The lateral raise is a core training staple that can build stability and strength in your shoulders—but are you sure you’re even doing the exercise correctly?
For this basic gym necessity, you shouldn’t settle for anything other than perfect form—especially because it’s such a simple, essential movement that should serve as one of the centerpieces of your training plan. Let Men’s Health fitness director Ebenezer Samuel, C.S.C.S. and associate fitness editor Brett Williams guide you through the move’s subtleties, saving you from the bad habits that are keeping you from unlocking your fitness potential.
Before you grab a set of dumbbells and start swinging them around, take note that it’s extremely important to pay attention the movement here. You’ll miss out on the potential shoulder gains and open yourself up to injury if you use too much body momentum and wind up using the wrong muscles to do the work.

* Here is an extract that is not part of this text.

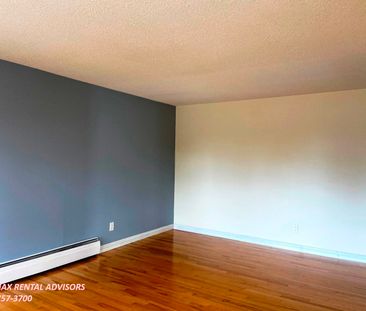 #303 11455 41 Avenue Northwest - Photo 2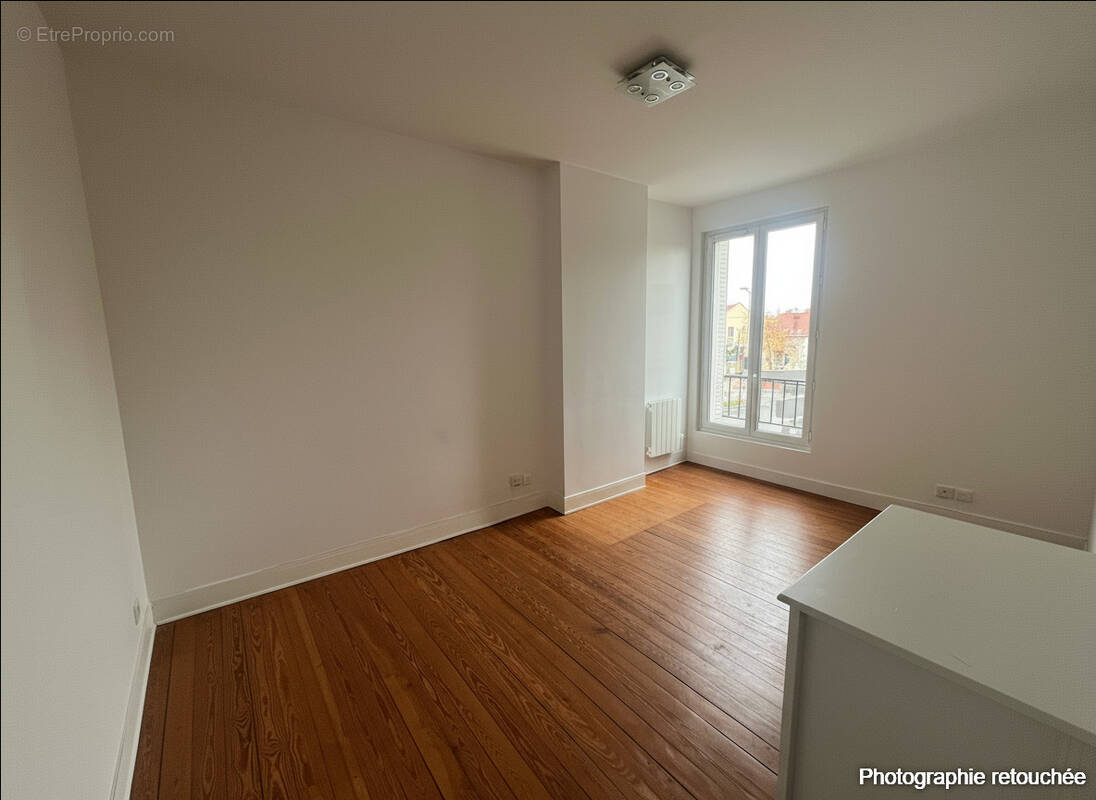 Appartement à HOUILLES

Eb says: It’s very common, especially if you’re using a heavy weight, to shift your torso forward just a little bit, rocking at the waist to get the weight started. In some cases, that’s an advanced technique being used by a bodybuilder, and it has value. But in most cases, you’re simply taking away from the lift. You’re using momentum to get the weight started, and missing out on a chance to challenge your shoulders to start the motion instead. You’re also going to struggle to control the weight when you lift it upwards.

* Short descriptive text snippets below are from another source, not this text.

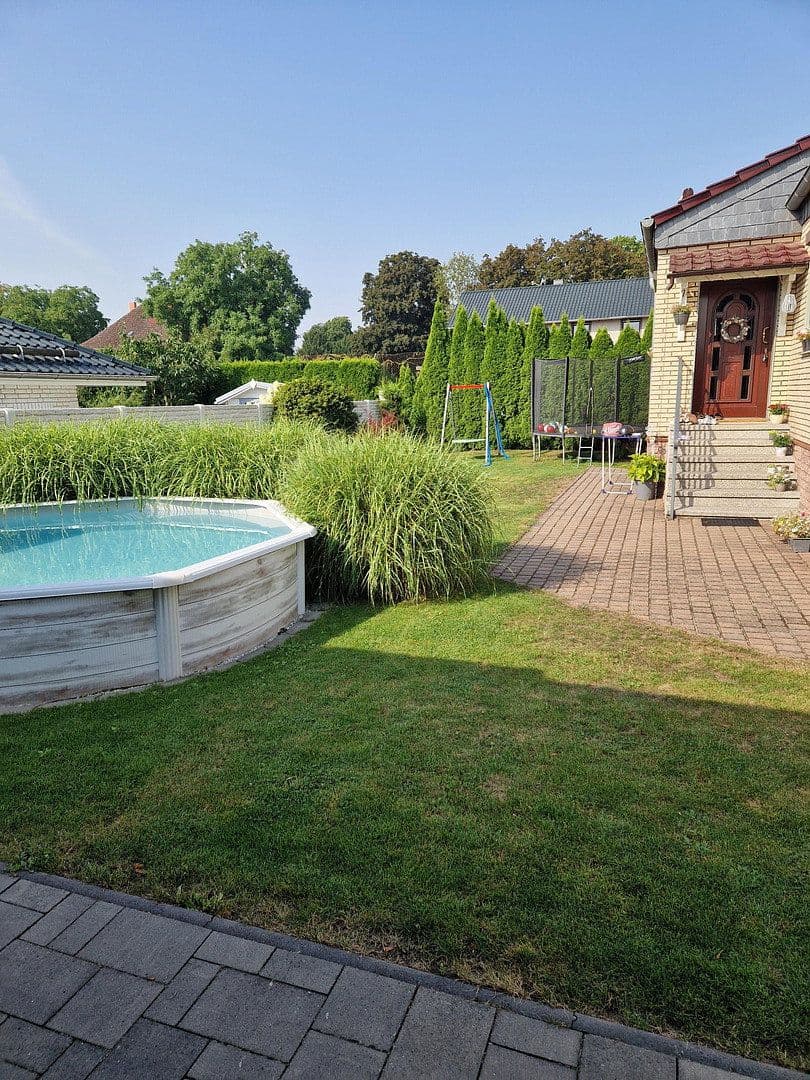 Predaj domu 122 m², pozemek 656 m², Hohe Börde, Sasko-Anhaltsko Predaj domu 122 m², pozemek 656 m², Hohe Börde, Sasko-Anhaltsko
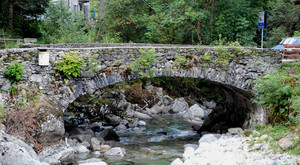 Ponte in pietra e sassi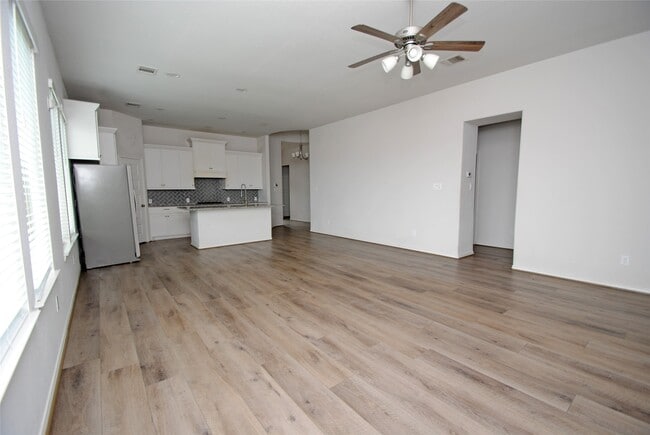Building Photo - 24978 Tidmor Ln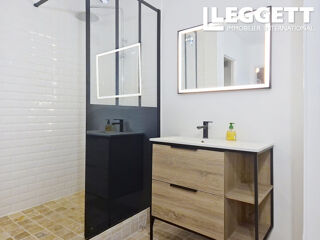 Vente Appartement Appartement 2 pièces - Place de la Réunion à Paris 20 - Au calme sur jardins Paris 20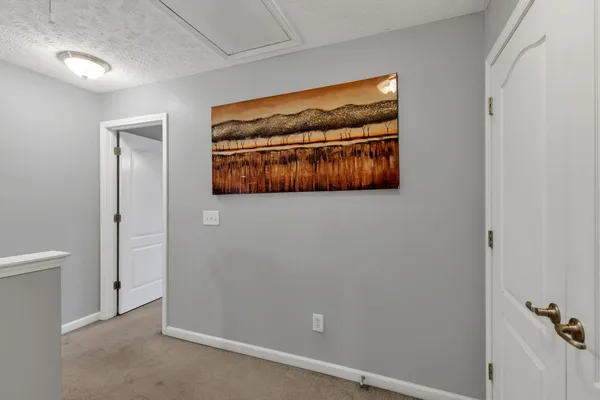 a picture of a wall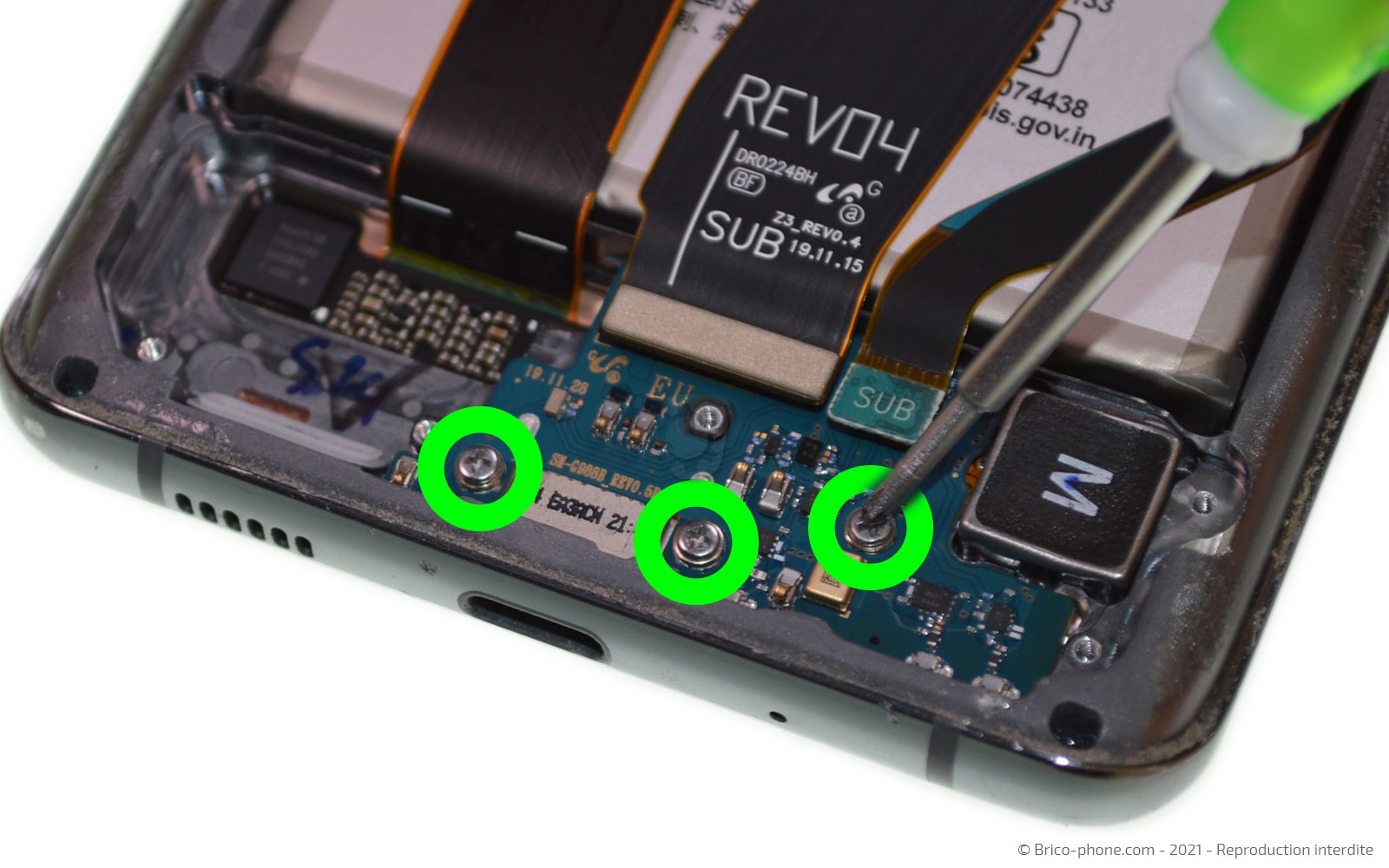 Changement du connecteur de charge sur Galaxy S20 Ultra photo 2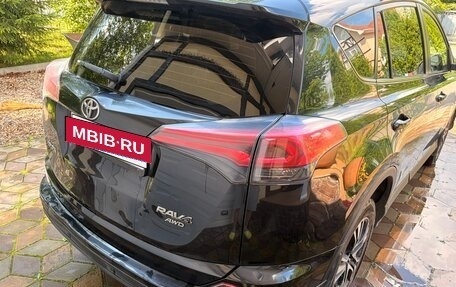 Toyota RAV4, 2015 год, 1 800 000 рублей, 4 фотография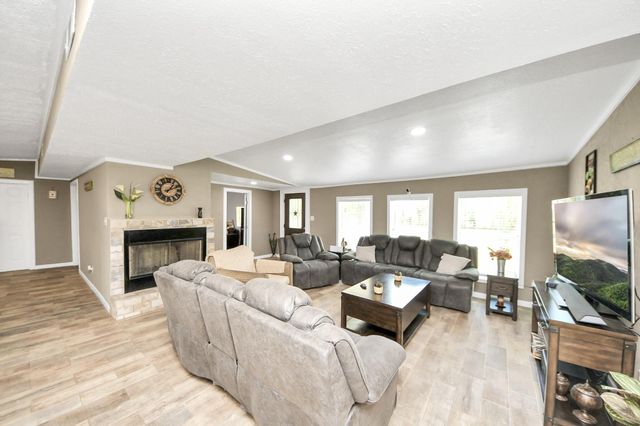 9832 Providence Road, Needville, TX 77461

Avoid doing this by erasing the rock; squeeze your glutes and keep your abs tight and work to keep your torso steady as you lift the weight. Another key to avoiding this rock: Don’t start with the dumbbells touching. Start with your arms close to perpendicular to the ground.

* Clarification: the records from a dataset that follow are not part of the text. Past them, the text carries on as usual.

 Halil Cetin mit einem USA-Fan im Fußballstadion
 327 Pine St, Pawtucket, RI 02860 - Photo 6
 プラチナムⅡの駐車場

Eb says: This is a lateral raise, but that doesn’t mean your arms should be fully at your sides. In fact, for the health of your shoulders, they shouldn’t be completely at your sides.
Instead, you want to work the lateral raise in what’s called the “scapular plane.” That’s about 20 to 30 degrees in front of your torso, so your arms are at a slight angle when you’re raising the weight. You’ll still get plenty of work for the lateral heads of your shoulders, but you’re working at an angle that makes stuff far easier on your rotator cuff tendons.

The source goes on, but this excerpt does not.